Mistral 7B is best on 2023 iPhones or 2024 Androids or better. It's about 2/3 the speed of Stable LM 3B and requires 5 GB of RAM.
Mixtral 8x7B should only be considered on a premium laptop or desktop, such as an M-series MacBook or a premium desktop purchased in 2023 or later. It's about 1/3 the speed of Stable LM 3B and requires 26 GB of RAM.

RAM Requirements

Roughly: you'll need as much RAM as the model file size. If inference runs on CPU, that much regular RAM is required. If inference runs on GPU, that much GPU RAM is required.

Download files from HuggingFace at runtime

HuggingFace, among many things, can be thought of as GitHub for AI models. You can download a model from HuggingFace and use it with fllama.
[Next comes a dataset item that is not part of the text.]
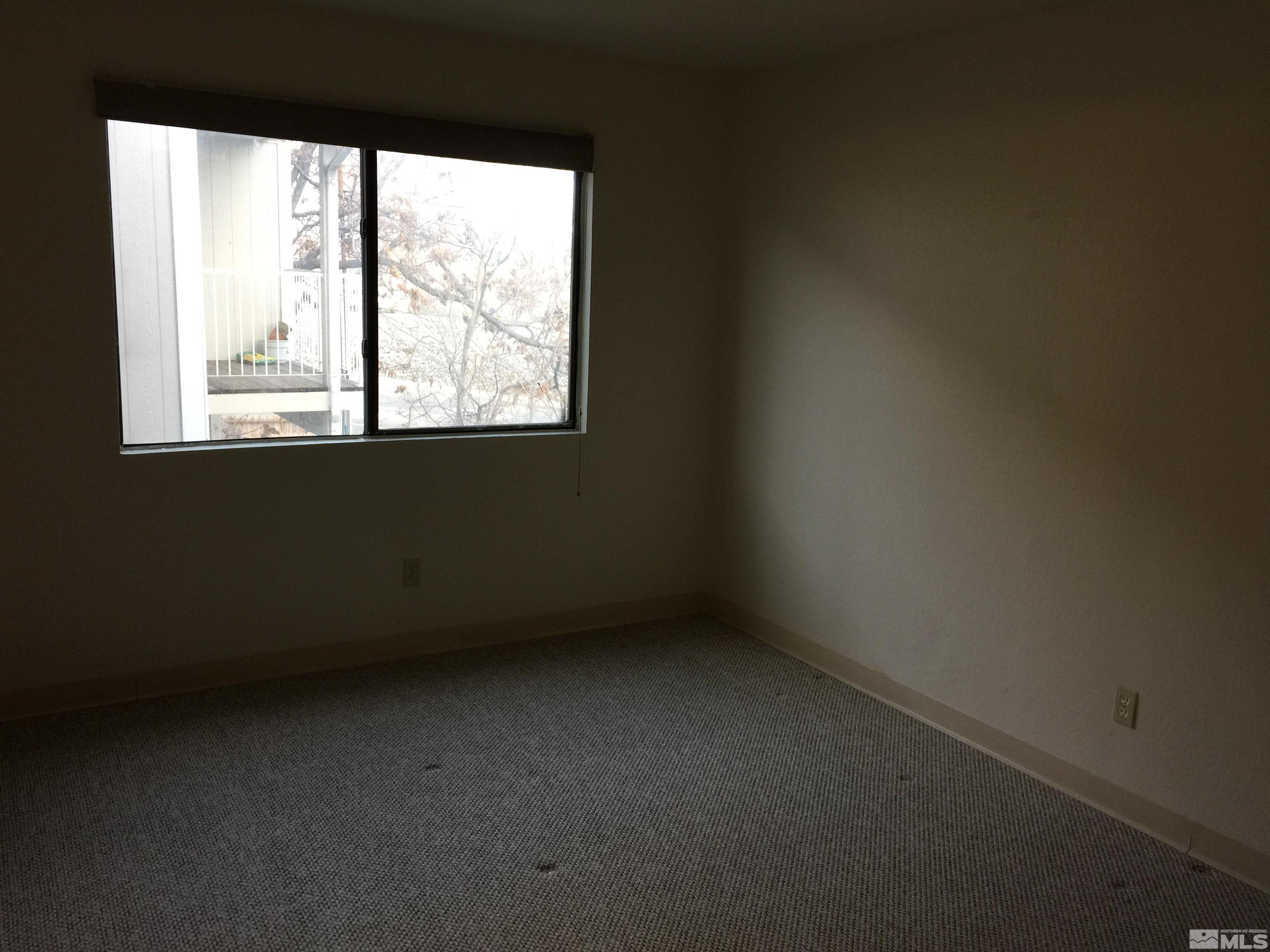 490 Highland Avenue, Unit 9 Reno, NV 89512 - Photo 3 of 3 an empty room with a window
To get a download URL at runtime, see below.

String getHuggingFaceUrl(
  {required String repoId,
  required String filename,
  String? revision,
  String? subfolder}) {
// Default values
const String defaultEndpoint = 'https://huggingface.co';
const String defaultRevision = 'main';

// Ensure the revision and subfolder are not null and are URI encoded
final String encodedRevision =
    Uri.encodeComponent(revision ?? defaultRevision);
final String encodedFilename = Uri.encodeComponent(filename);
final String? encodedSubfolder =
    subfolder != null ? Uri.encodeComponent(subfolder) : null;

// Handle subfolder if provided
final String fullPath = encodedSubfolder != null
    ? '$encodedSubfolder/$encodedFilename'
    : encodedFilename;

// Construct the URL
final String url =
    '$defaultEndpoint/$repoId/resolve/$encodedRevision/$fullPath';

return url;
}

Licensing

FLLAMA is licensed under a dual-license model.

The code as-is on GitHub is licensed under GPL v2. That requires distribution of the integrating app's source code, and this is unlikely to be desirable for commercial entities. See LICENSE.md.
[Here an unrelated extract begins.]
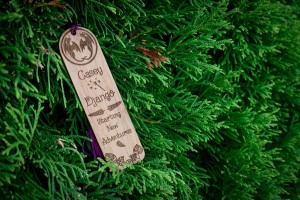 bookmark: crest on top, followed by text "Casey and Django Starting New Adventures" with engraved leaves.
Commercial licenses are also available. Contact info@telosnex.com. Expect very fair terms: our intent is to charge only entities, with a launched app, making a lot of money, with FLLAMA as a core dependency. The base agreement is here: https://github.com/lawndoc/dual-license-templates/blob/main/pdf/Basic-Yearly.pdf

llama.cpp update process

Best practice is:

Check out latest llama.cpp.
Copy checked out llama.cpp to macos/llama.cpp. Commit. DO NOT PUSH.
Try running example app, fix, repeat.
Commit. DO NOT PUSH.
Copy macos/llama.cpp to ios/llama.cpp. DO NOT PUSH.
Try running example app in iOS simulator.
Fix, repeat.
Commit. DO NOT PUSH.
Copy checked out llama.cpp to src/llama.cpp.
Commit. Push. Watch codemagic, particularly for errors on Android/Windows/Linux.
When codemagic is green, copy src/llama.cpp to wasm_build/build/llama.cpp.
Read note at top of build-wasm.sh. (TL;DR: need emscripten sdk in env).
Run build-wasm.sh.
Copy these files in wasm_build/build to example/web:

fllama_wasm.worker.mjs
fllama_wasm.js
fllama_wasm.wasm

Test using instructions below, then commit and push.
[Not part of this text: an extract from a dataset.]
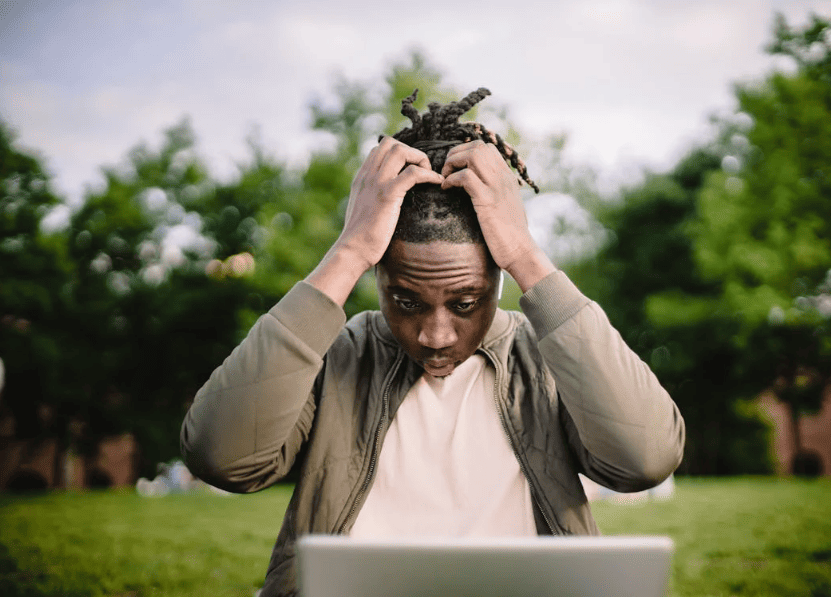 A man holding his head in frustration while looking at his laptop.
Note: Drop usually requires restoring build-info.cpp for macOS and iOS. It's a stock set of values with ex. git commit. That should be updated. Other than that you can leave it alone.

Web development

When C++ changes, use ./build-wasm.sh to build updated WASM files.
Copy: fllama_wasm.js, fllama_wasm.wasm, fllama_wasm.worker.mjs from wasm_build/build to example/web directory.
From example directory: flutter run -d web-server --web-hostname=localhost --web-port=1234
Open Chrome and go to http://localhost:1234.
Enable WASM via modheader extension, set: Cross-Origin-Embedder-Policy: require-corp Cross-Origin-Opener-Policy: same-origin

FFI development

When changes are made to C++ bindings, run flutter pub run ffigen --config ffigen.yaml to make them available in Dart.
rm -rvf Podfile.lock && rm -rvf Podfile && rm -rvf Pods && flutter clean ^ run in example/macos / example/ios when upgrading cpp files, or when getting cryptic errors about build cache.